Want to help students learn to think critically about “fake news”? A simple, browser-based game might help.

What’s the bad news? Bad News is a simple tool to help students understand the (modern?) phenomenon of “fake news,” misinformation, and “content as news” spread at least in part by the rise of digital and social media.

(You can download an information sheet for educators.)

As an interactive experience, Bad News helps students understand how fake news works, why it becomes popular, and its core mechanisms and trends. It then allows players to choose from certain fake news strategies, including emotional appeals, sarcasm, red herrings, personal attacks, and conspiracy theories.

Gaining “traction” on social media? You must be telling the truth.

It also introduces the concept of content formats, allowing players to choose between fake news memes, Photoshopped images, or actual “content” (news reports, articles, etc.), with certain tactics (personal attacks) and formats (memes) being more effective than others depending on the fake news topic.

Compare this to our Codex of Cognitive Bias: 180 Visual Representations of Multiple Cognitive Bias You can start a crash course in critical thinking online.

Playing Bad News: Pros and Cons

While I highly recommend the game as a teaching tool, I gave Bad News a few playthroughs and discovered a few areas where the experience could be improved—first and foremost, the “rating” mechanic that asks users to rate the reliability of certain social media posts.

While it makes sense conceptually, in practice, it’s not clear what exactly you’re assessing the reliability of: a social media post, the users who shared it, or the framing of the content in the post.

What exactly am I evaluating?

It’s also not meant to be a comprehensive simulation of learning fake news, so what you’re actually able to do is pretty thin from a mechanics perspective – which limits some usefulness, and can make it feel a bit like a lengthy finger-wagging in social media usage.
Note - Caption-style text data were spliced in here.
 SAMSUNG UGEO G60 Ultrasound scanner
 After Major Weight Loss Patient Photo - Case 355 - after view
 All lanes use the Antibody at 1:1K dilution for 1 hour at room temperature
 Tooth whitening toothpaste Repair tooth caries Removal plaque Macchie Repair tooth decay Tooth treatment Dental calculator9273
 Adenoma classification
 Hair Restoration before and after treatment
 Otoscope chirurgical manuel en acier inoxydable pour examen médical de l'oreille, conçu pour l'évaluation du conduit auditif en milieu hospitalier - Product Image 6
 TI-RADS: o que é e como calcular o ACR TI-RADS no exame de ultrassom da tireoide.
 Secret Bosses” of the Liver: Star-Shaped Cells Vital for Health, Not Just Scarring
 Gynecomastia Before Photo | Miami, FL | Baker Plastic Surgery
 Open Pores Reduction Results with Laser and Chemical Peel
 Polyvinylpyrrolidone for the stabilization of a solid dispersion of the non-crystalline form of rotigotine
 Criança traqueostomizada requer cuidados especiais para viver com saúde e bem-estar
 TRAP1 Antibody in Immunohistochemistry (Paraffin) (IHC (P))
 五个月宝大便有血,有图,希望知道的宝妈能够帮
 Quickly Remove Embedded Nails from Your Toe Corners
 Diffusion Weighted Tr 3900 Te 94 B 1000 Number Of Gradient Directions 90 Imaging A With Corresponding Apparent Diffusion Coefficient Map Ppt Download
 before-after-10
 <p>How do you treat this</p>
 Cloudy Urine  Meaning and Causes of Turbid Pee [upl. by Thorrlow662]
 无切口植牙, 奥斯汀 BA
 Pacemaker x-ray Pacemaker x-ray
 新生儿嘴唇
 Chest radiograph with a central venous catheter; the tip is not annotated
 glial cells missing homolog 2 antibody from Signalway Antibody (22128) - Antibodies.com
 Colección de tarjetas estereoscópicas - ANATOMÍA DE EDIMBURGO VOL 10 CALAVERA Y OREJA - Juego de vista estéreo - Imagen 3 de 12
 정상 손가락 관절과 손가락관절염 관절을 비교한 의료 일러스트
That said, when the game is at its best—making you choose between outrageous disinformation tactics in order to gain “credibility”—it’s hard not to shake your head in disbelief, because we rarely practice critical thinking in our daily lives. Fake news and social media may just be a microcosm.

The game is very simple and requires no instructions, and if the player makes a mistake, the game time is short and they can start over. As a simulation, it’s reminiscent of Plague Inc., a feeling reinforced by the Bad News developer’s stated mission to “vaccinate the world against disinformation.”

This is an excellent introductory tool if you want to introduce your students to the concept of fake news and the strategies media publishers use to change users’ perceptions of news (and thus reality itself).